Portrait of a young Princess by Pisanello ~ ca. 1435-1440
Portrait of a Princess is a tempera painting on panel attributed to the Italian Late-Gothic master Pisanello. It was probably executed between 1435 and 1449 (NB: according to the website of the Louvre between 1435-1440) and is also known as Portrait of a Princess of the House of Este. It is firmly attributed to Pisanello on stylistic grounds and because he stayed in Ferrara in the period, where he also finished a portrait and a celebrative medal of Marquis Leonello d’Este.
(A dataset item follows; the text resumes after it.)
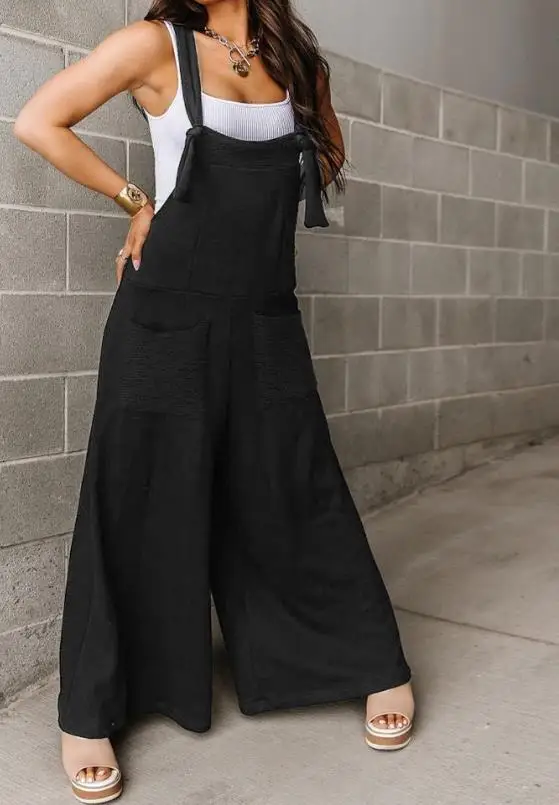 Hot Selling Contrast Paneled Wide Leg Suspender Jumpsuit for Women 2024 Spring Summer Casual Style Pocket Design Jumpsuit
The princess is shown in profile against a background of numerous butterflies and columbine flowers. The butterfly near the princess’ brow is a symbol of the soul. The painting is currently housed and exhibited in the Musée du Louvre in Paris, France. This picture first came to light in 1860 in a sale, when it was bought by the German Consul Felix Bamberg. In 1893 the Louvre acquired it from Charles Picard for 30000 francs.
For a long time there has been no doubt in anyone’s mind as to the name of the artist; but the identity of the sitter remains a mystery. The only solid basis for hypotesis is the embroidery on her sleeve, representing the two-handled vase of the Este family; this is also found on the reverse of a medal which Pisanello designed for Leonello d’Este. Attempts have therefore been made to connect the portrait with various princesses of this family. Pisanello was one of the artists employed by them, and stayed on several occasions in Ferrara (Italy), where he decorated a room in the Palazzo Schifanoia.
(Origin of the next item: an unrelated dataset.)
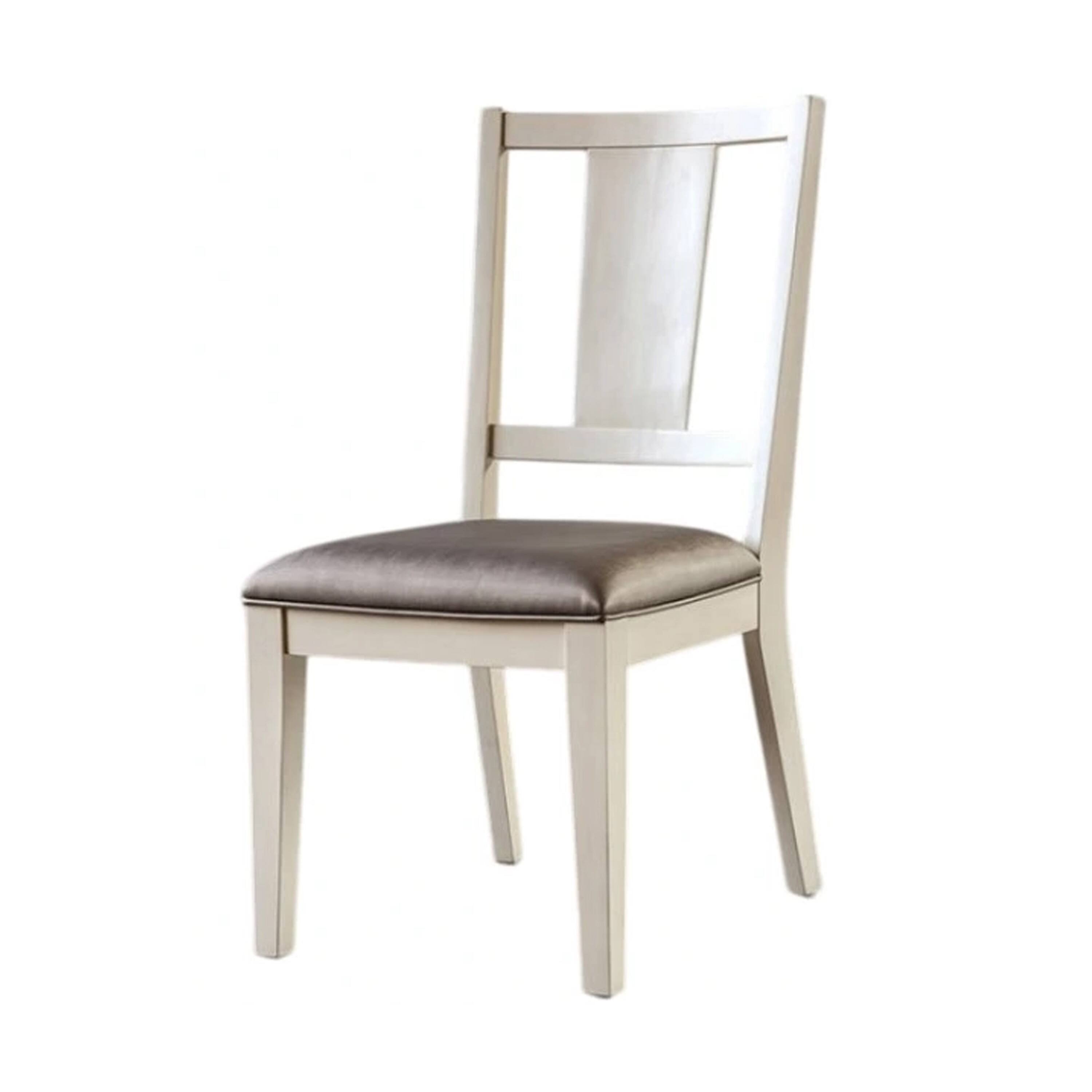 Alt View 1. Manhattan Lane - Witzy Side Dining Chair Set of 2, Faceted Panel Back - White Oak, Dark Gray.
Margherita Gonzaga (d. 1439) might be one possibility for the sitter. She was the wife of Leonello d’Este, and the picture might have been painted at the time of their marriage in 1433. Another suggestion identifies this fresh and young face as Ginevra d’Este, because of the sprig of juniper on the sleeve – though this may simply be an emblem of happiness and not a pun on her name. She was the unfortunate niece and wife of the redoubtable Sigismondo Pandolfo Malatesta, who subjected Romagna to fire and arms, and whose shameless affaire with Isotta degli Atti was the scandal of the age. It was Malatesta who commissioned polymath Leon Battista Alberti to build the Tempio Malatestiano at Rimini. He had his wife poisoned in 1440, when she was only twenty-two. It has also been suggested that the lady in the portrait may be a Gonzaga princess: perhaps Beatrice, or Margherita, or the learned Cecilia, whom Pisanello also depicted on a medal (cf. image at right).
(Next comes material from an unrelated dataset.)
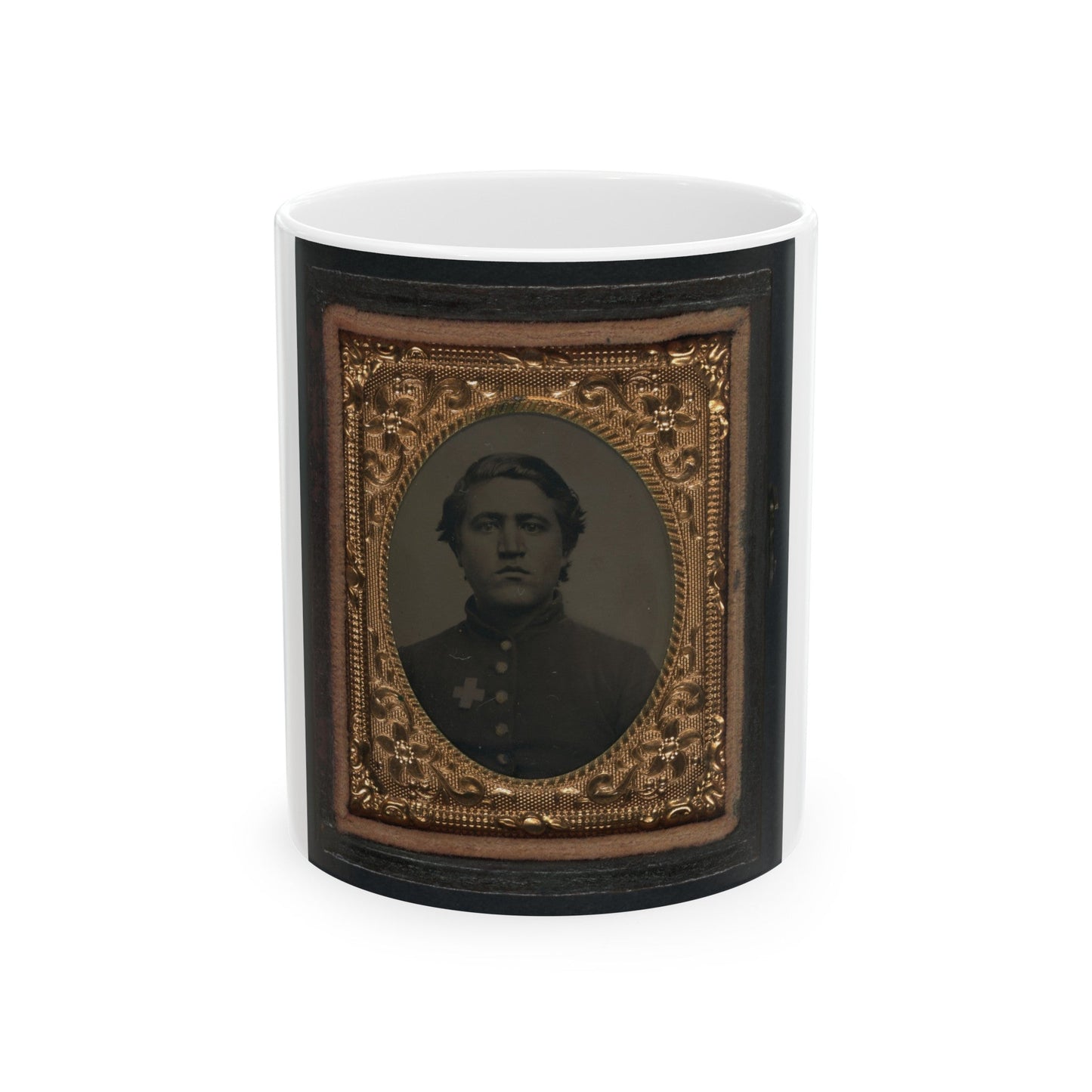 Unidentified Soldier In Union Uniform With 6th Corps Of The Army Of The Potomac Badge (U.S. Civil War) White Coffee Mug-11oz-The Sticker Space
In any case, the portrait represents a very young woman, hardly more than a girl. Against the background of greenery, with its sprinkling of butterflies, pinks and columbines, the profile is sharply defined. Its outline is yet further accentuated by the style of hairdressing, fashionable at that period, when the hairs on the brow were plucked out and the rest of the hair drawn back from the face to imitate the effect of the medieval hennin.